Ok, I am summarizing my comments in a proper answer.
You have two possible solutions:
- store them in NVARCHAR2/NCLOB columns
- re-encode JSON values in order to use only ASCII characters
1. NCLOB/NVARCHAR
The "N" character in "NVARCHAR2" stands for "National": this type of column has been introduced exactly to store characters that can't be represented in the "database character set".
Oracle actually supports TWO character sets:
"Database Character Set" it is the one used for regular varchar/char/clob fields and for the internal data-dictionary (in other words: it is the character set you can use for naming tables, triggers, columns, etc...)
"National Character Sets": the character set used for storing NCLOB/NCHAR/NVARCHAR values, which is supposed to be used to be able to store "weird" characters used in national languages.
Normally the second one is a UNICODE character set, so you can store any kind of data in there, even in older installations
2. encode JSON values using only ASCII characters
It is true that the JSON standard is designed with UNICODE in mind, but it is also true that it allows characters to be expressed as escape sequences using the exadecimal representation of their code points.. and if you do so for every character having a code point greater than 127, you can express ANY unicode object using only ASCII character.

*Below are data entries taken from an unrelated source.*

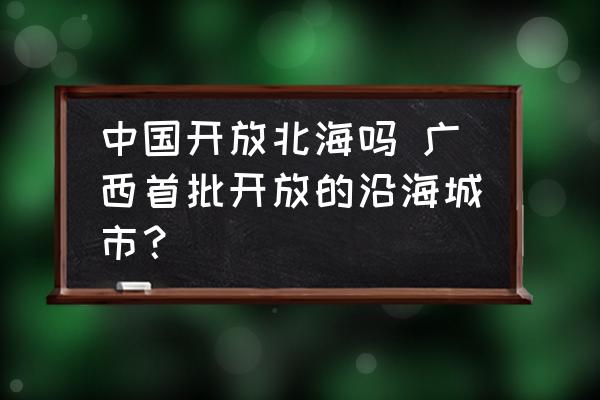 中國開放北海嗎 廣西首批開放的沿海城市？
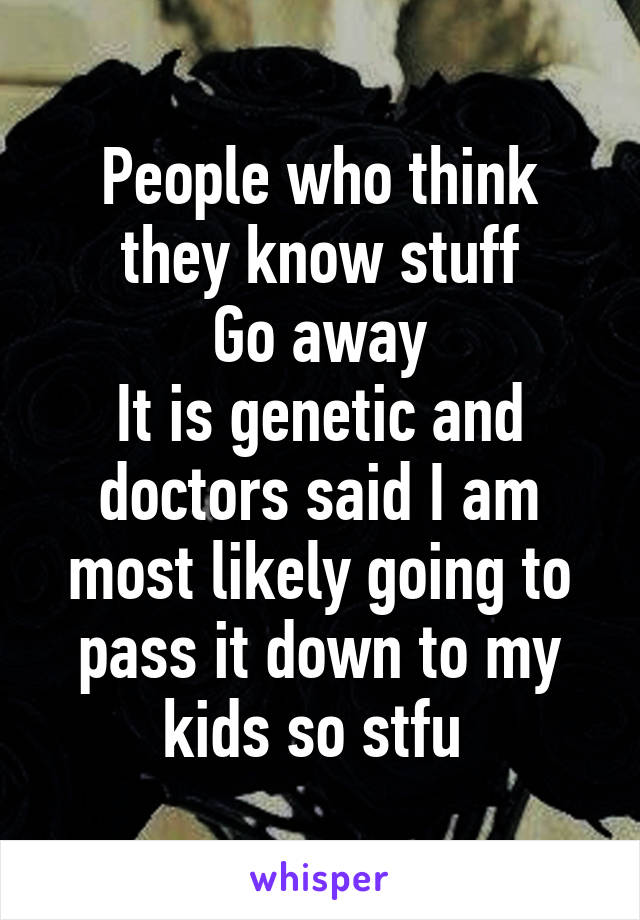 People who think they know stuff
Go away
It is genetic and doctors said I am most likely going to pass it down to my kids so stfu 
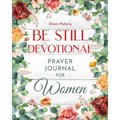 Be Still Devotional: Prayer Journal for Women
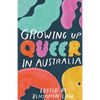Growing Up Queer in Australia - Paperback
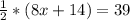 \frac{1}{2}*(8x+14)=39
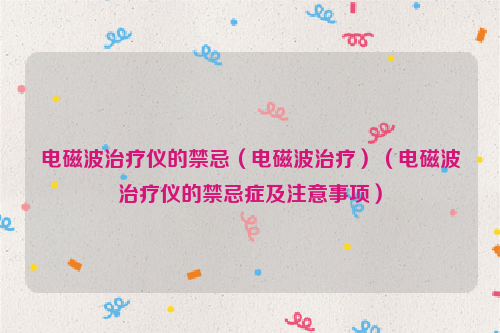 电磁波治疗仪的禁忌（电磁波治疗）（电磁波治疗仪的禁忌症及注意事项）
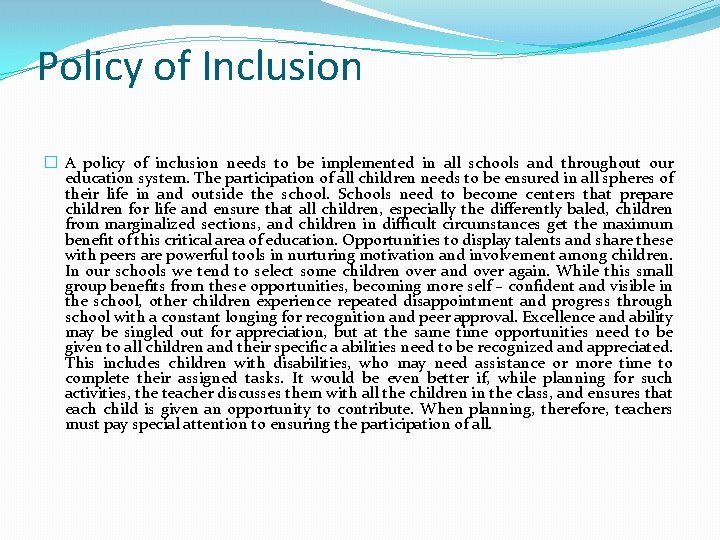 Policy of Inclusion � A policy of inclusion needs to be implemented in all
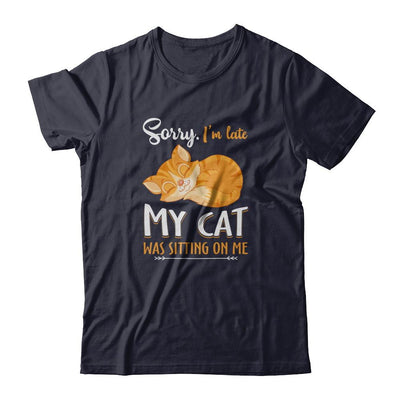 Sorry I'm Late My Cat Was Sitting On Me Funny Cat-T-Shirt & Tank Top-Premium T-Shirt-Midnight Navy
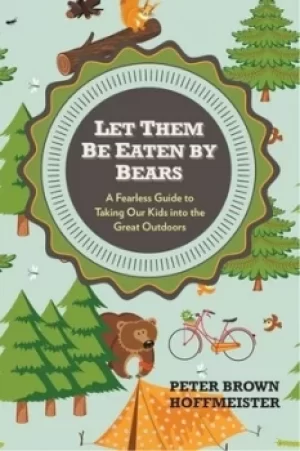 Image of Let them be eaten by bears by Peter Brown Hoffmeister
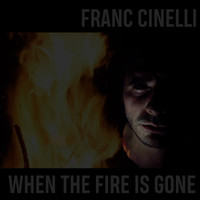 Franc Cinelli / - When The Fire Is Gone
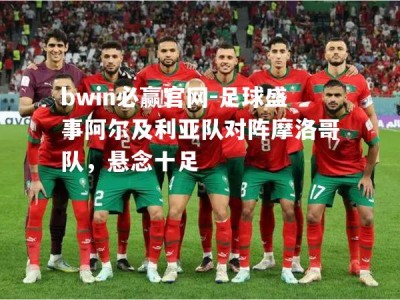 bwin必赢官网-足球盛事阿尔及利亚队对阵摩洛哥队，悬念十足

This ASCII JSON string: '{"UnicodeCharsTest":"ni\u00f1o"}' represents the very same object of this other one: '{"UnicodeCharsTest" : "niño"}'.
Personally I prefer this second approach because it permits me to share easily these json strings also with systems using antiquate legacy protocols and also it allows me to be sure that the json strings are read correctly by any client regardless of its national settings (the oracle client protocol can try to translate strings into the character used by the client... and this is a complication I don't want to deal with. By the way: this might be the reason of the problems you are experiencing with SQL clients)
NLS_CHARACTERSET=AL32UTF8, i.e. UTF-8. Of course UTF-8 supports also single byte characters. Why do you like to use a single-byte characters set still in 2018?